Description of problem: On one of our HP Proliant DL585s I'm seeing this output when booting the installer kernel: NetLabel: Initializing NetLabel: domain hash size = 128 NetLabel: protocols = UNLABELED CIPSOv4 Kernel panic - not syncing: NetLabel: failed to initialize properly (-17) This is happening with every x86_64 RHEL5 tree I've tested so far (0927-1012), but only on this system. All other trees, including i386 RHEL5, install normally, and I'm not seeing this behavior on another DL585 in the lab. Version-Release number of selected component (if applicable): RHEL5-Server-20060927.0 (kernel 2.6.18-1.2702.el5) RHEL5-Server-20061006.2 (kernel 2.6.18-1.2714.el5) RHEL5-Server-20061010.nightly (kernel 2.6.18-1.2717.el5) RHEL5-Server-20061012.nightly (kernel 2.6.18-1.2717.el5) How reproducible: 100% Steps to Reproduce: 1. Boot a x86_64 RHEL5 install on dl585-02.rhts.boston.redhat.com Actual results: Kernel panic Expected results: Booting into anaconda Additional info: Console output from test runs available at: RHEL5-Server-20060927.0 http://rhts.lab.boston.redhat.com/cgi-bin/rhts/test_log.cgi?id=870766 RHEL5-Server-20061006.2 http://rhts.lab.boston.redhat.com/cgi-bin/rhts/test_log.cgi?id=870556 RHEL5-Server-20061010.nightly http://rhts.lab.boston.redhat.com/cgi-bin/rhts/test_log.cgi?id=870019
Marking as a Beta blocker. Won't get testing on a signficant platform. Section 6c of the release criteria. http://intranet.corp.redhat.com/ic/intranet/RHEL500Beta2ReleaseCriteria#HardwareCert
This request was evaluated by Red Hat Product Management for inclusion in a Red Hat Enterprise Linux release. Product Management has requested further review of this request by Red Hat Engineering. This request is not yet committed for inclusion in release.

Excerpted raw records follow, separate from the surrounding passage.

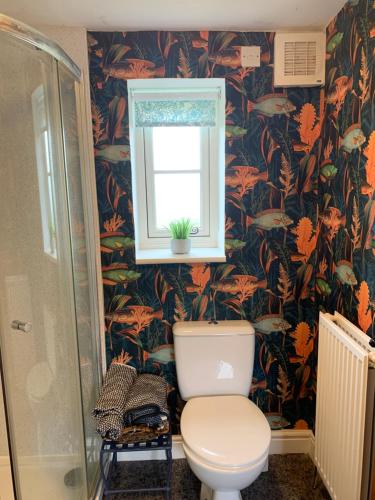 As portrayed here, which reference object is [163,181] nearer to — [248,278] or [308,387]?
[248,278]

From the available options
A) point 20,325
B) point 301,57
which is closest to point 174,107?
point 301,57

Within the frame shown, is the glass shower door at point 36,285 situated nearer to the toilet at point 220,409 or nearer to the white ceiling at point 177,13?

Netlabel should not be active, I think.
*** Bug 210191 has been marked as a duplicate of this bug. ***
Chip, was this actually on dl585-02.rhts.boston.redhat.com or do you have a second physical machine that had the same problem?
See https://bugzilla.redhat.com/bugzilla/show_bug.cgi?id=208445 for a possibly related issue.
(In reply to comment #5) > Chip, was this actually on dl585-02.rhts.boston.redhat.com or do you have a > second physical machine that had the same problem? This happened to me on dl585-03.lab.boston.redhat.com, so it is a second physical machine with the identical problem. Chip
I think this is likely a duplicate of bug 208445; maybe someone in RHTS can test a 2.6.18-1.2725.el5 or later kernel and see if the bug is fixed? Chip
Just tried 2.6.18-1.2727.el5 and ended with NetLabel: Initializing NetLabel: domain hash size = 128 NetLabel: protocols = UNLABELED CIPSOv4 Kernel panic - not syncing: NetLabel: failed to initialize properly (-17) So it appears to not be fixed.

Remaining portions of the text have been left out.